| |
Aptallara ölüm!
25 Ağustos 1944'te Paris'e ilk giren birliğin subaylarından Yüzbaşı Raymond Dronne'un aracına asılan pankartta "Aptallara ölüm!" yazıyordu. Bir-iki gün sonra o aracı General de Gaulle'e gösterdiler. Fransa'nın kurtarıcısı iç çekerek mırıldandı: "Onun için çok kapsamlı bir program gerekir" Sosyalist Parti lideri François Hollande ile iktidardaki Halkçı Hareket Birliği'nin (UMP) sözcüsü Patrik Deveciyan'ın "Ermeni soykırımını inkar yasası tasarısı"nın Fransız Ulusal Meclisi'nde yarın sonuçlandırılması için anlaştıkları haberi, bize General'in bu çok ünlü anekdotunu hatırlattı. Anlaşılan, aradan geçen 60 yılda Fransa'da aptalların sayısı azalacağına daha da artmış. Oylamaya sosyalistler hemen neredeyse tam kadro katılacaklarına, UMP'den en az 50-60 kabul oyu beklendiğine, merkez sağın diğer partisi Fransız Demokratlar Birliği (UDP) firesiz destek vereceğini açıkladığına göre, tasarının geçmesi hemen hemen kesinleşti. Tabii son anda kafalarına akıllarını başlarına getirecekbir taş düşmezse... Türkiye ve Türk kamuoyu için sınav ondan sonra başlayacak. Sağduyu ve sorumluluk sınavı. Haklıyken haksız duruma düşmeme sınavı. Doğrusu çeşitli sivil toplum örgütlerinden yapılan çağrılar ve öneriler bizde böyle bir tuzağa düşme olasılığının bulunduğu kaygısını uyandırdı. Çünkü akla gelen ilk "Misilleme", Fransız mallarını boykot kampanyası oldu. Tamam; Fransız şarabı ve şampanyası içilmesin, Fransız kazciğeri yenilmesin, Fransız parfümü kullanılmasınAma "boykot" ile kastedilen Türkiye'deki Fransız yatırımlarının ürünleriyse, bu tam anlamıyla "Harakiri" anlamına gelir.
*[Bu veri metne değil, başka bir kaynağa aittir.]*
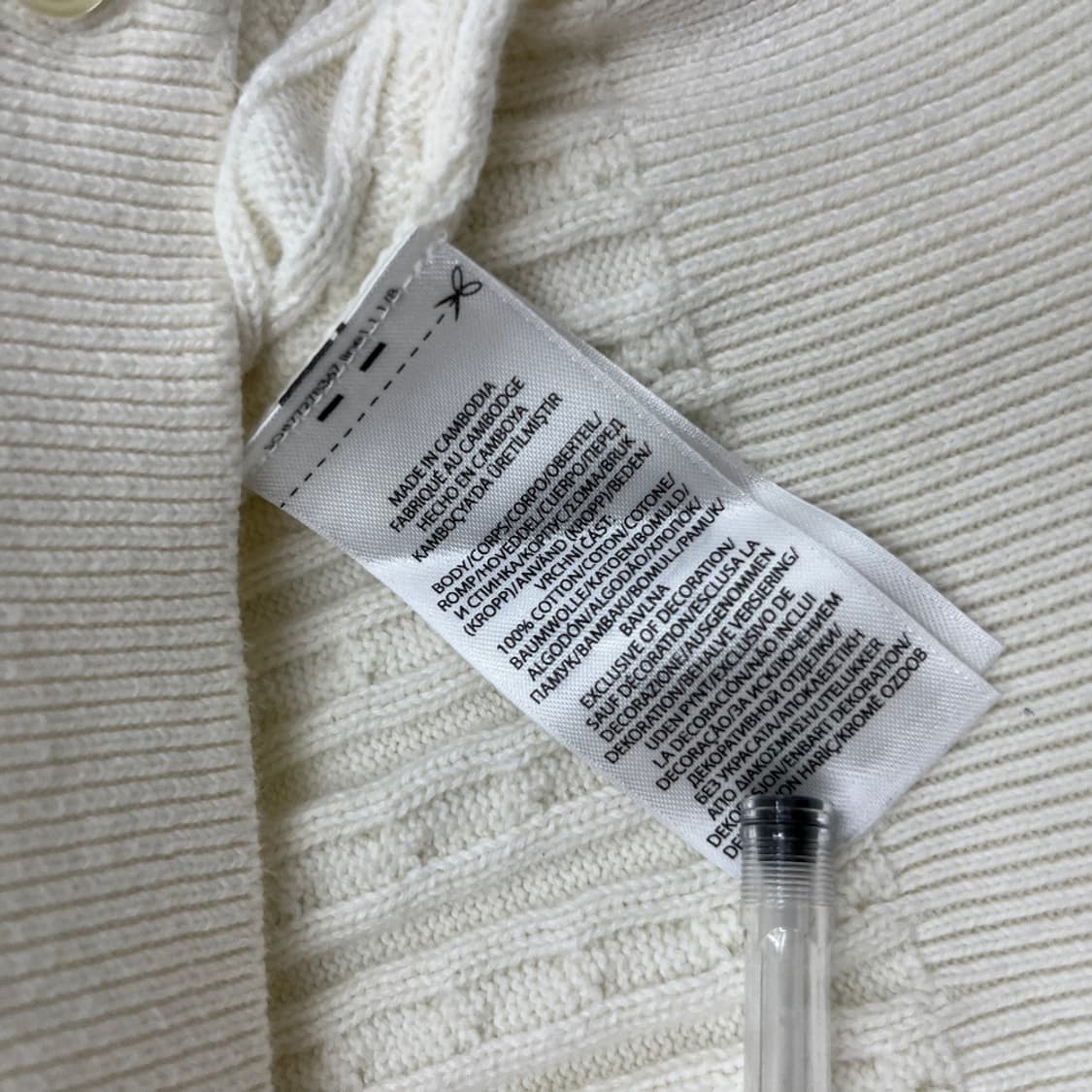 폴로 랄프로렌 딸기우유맛 포니 화이트 꽈배기 가디건 XL 상품이미지5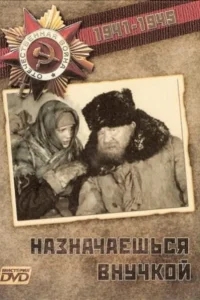 Назначаешься внучкой Назначаешься внучкой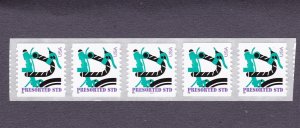 PNC5 10c Bicycle SA 444 US 3228 MNH F-VF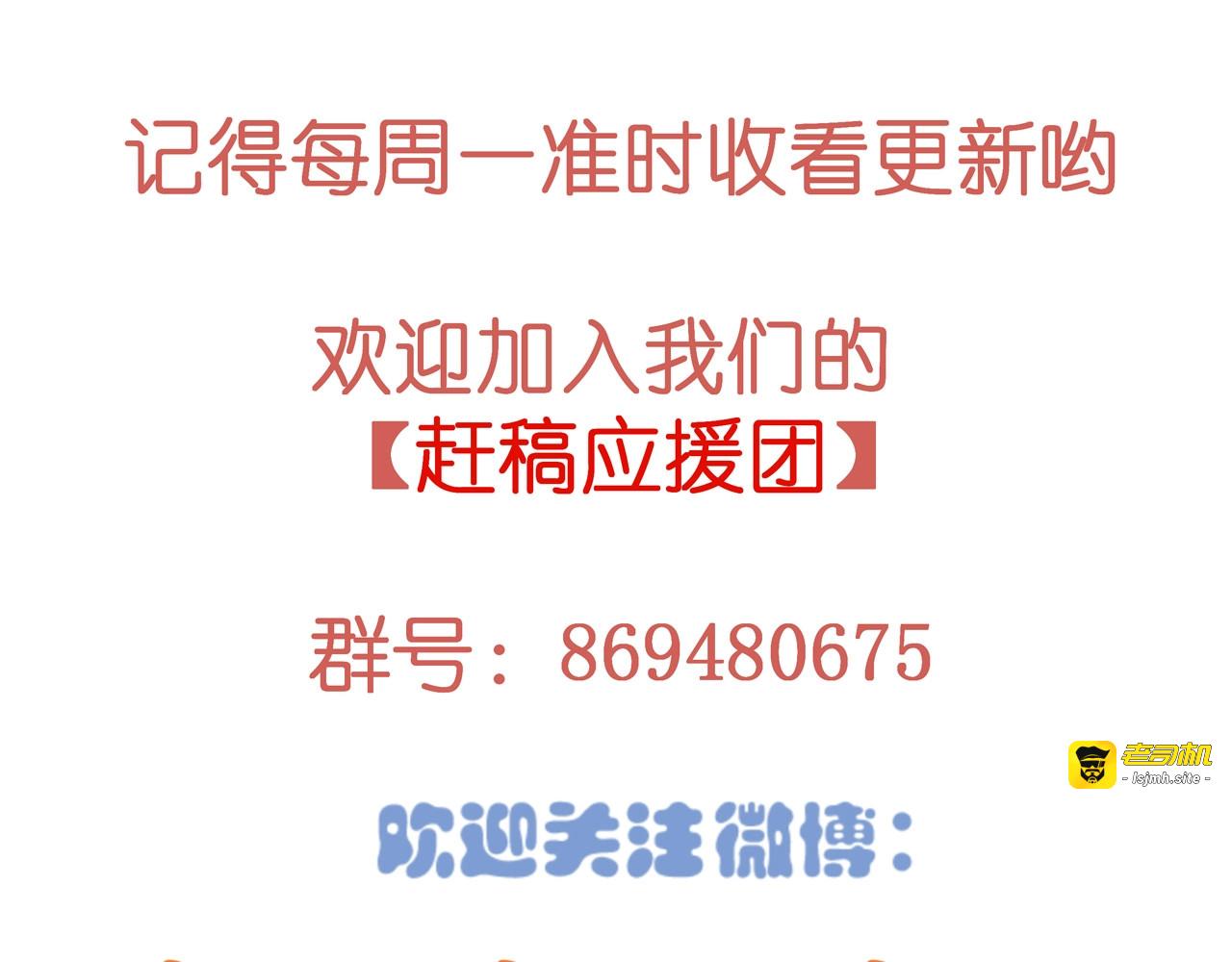 第11话 替身 第 103 页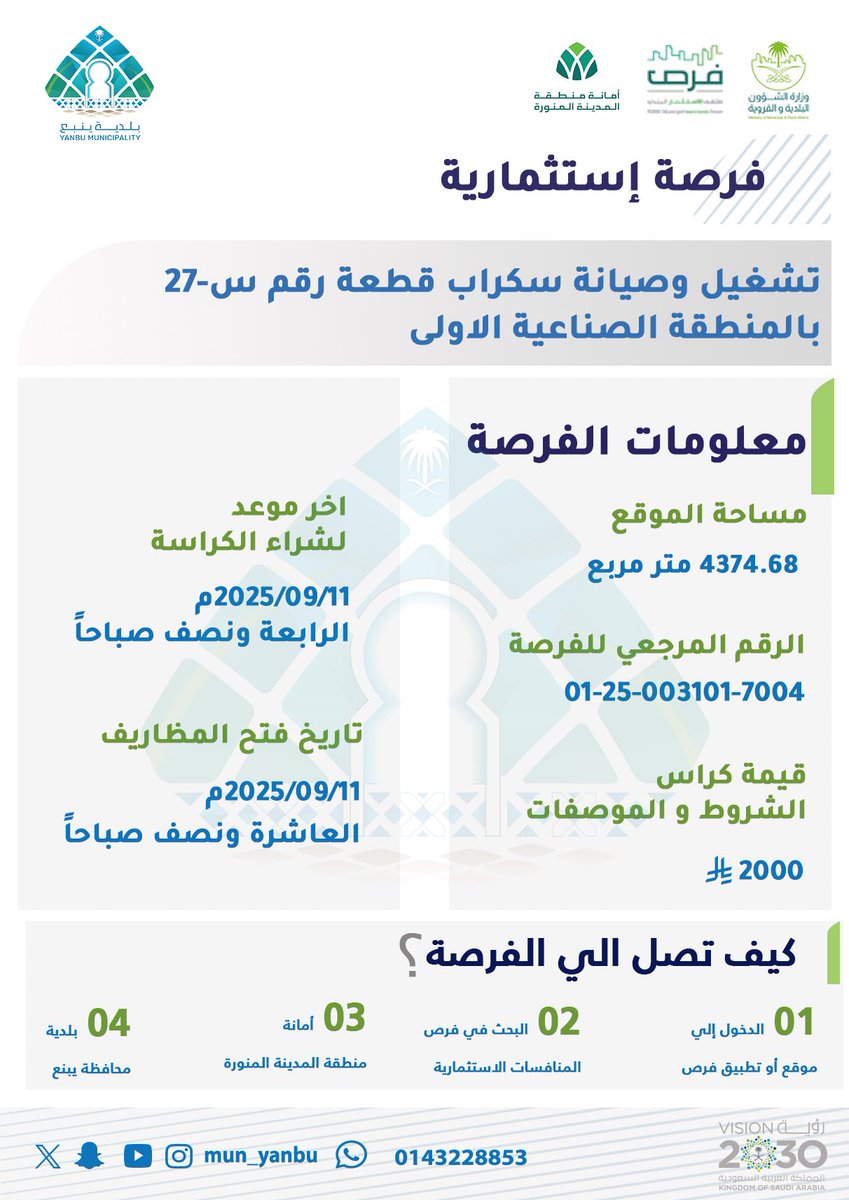 YanbuFriends's tweet image. تعلن بلدية محافظة #ينبع عن طرح فرصة استثمارية (تشغيل وصيانة سكراب) .
بإمكان الراغبين الاطلاع على الفرصة الاستثمارية عن طريق البوابة الاستثمار في المدن السعودية ( فرص ) 📎 furas.momah.gov.sa/ar أو من خلال تحميل تطبيق الأجهزة الذكية فرص .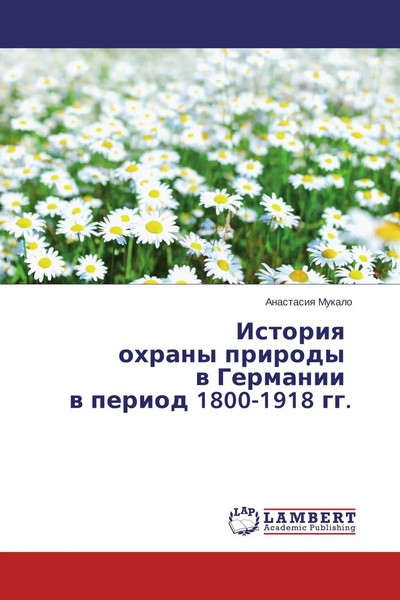 Anastasiq Mukalo | Istoriq Ohrany Prirody W Germanii W Period 1800-1918 Gg.-image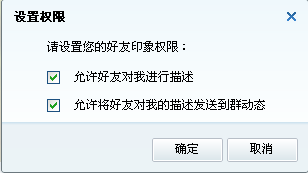QQ好友印象怎么設(shè)置權(quán)限 qq好友印象在哪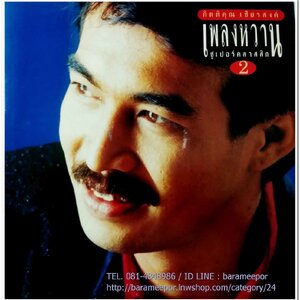 กุ้ง กิตติคุณ ชุด เพลงหวานซูเปอร์คลาสสิค 2 นำเพลงลูกทุ่งไพเราะทั้งแผ่น..2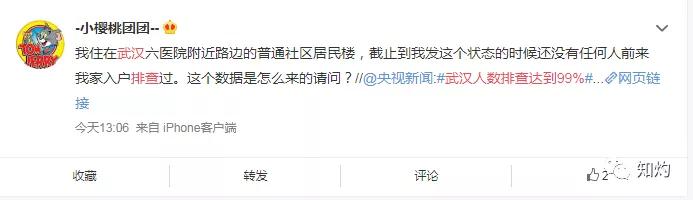 武汉今日清零:千万不要为政绩而关闭收治通道!
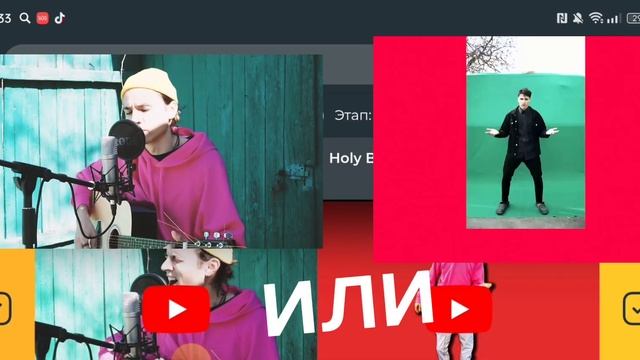 ПРОХОЖУ ТЕСТЫ НА ХОЛИБАМА | @HolyBaam | Timka45play смотреть онлайн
O fabrikalarda Türk hammaddesi kullanılıyor, Türk işçisi çalışıyor. O ürünler "Türk malı" olarak ihraç ediliyor. Böyle bir girişim zaten yüzde 10'u aşan işsizler ordusuna yeni birlikler eklemekten, binlerce kişiyi evine ekmek götüremeyecek duruma düşürmekten, Türkiye'nin ihracatını ve büyüme hızını düşürmekten başka bir sonuç vermez. Doğrusu Fransa'nın da pek derdi olmaz.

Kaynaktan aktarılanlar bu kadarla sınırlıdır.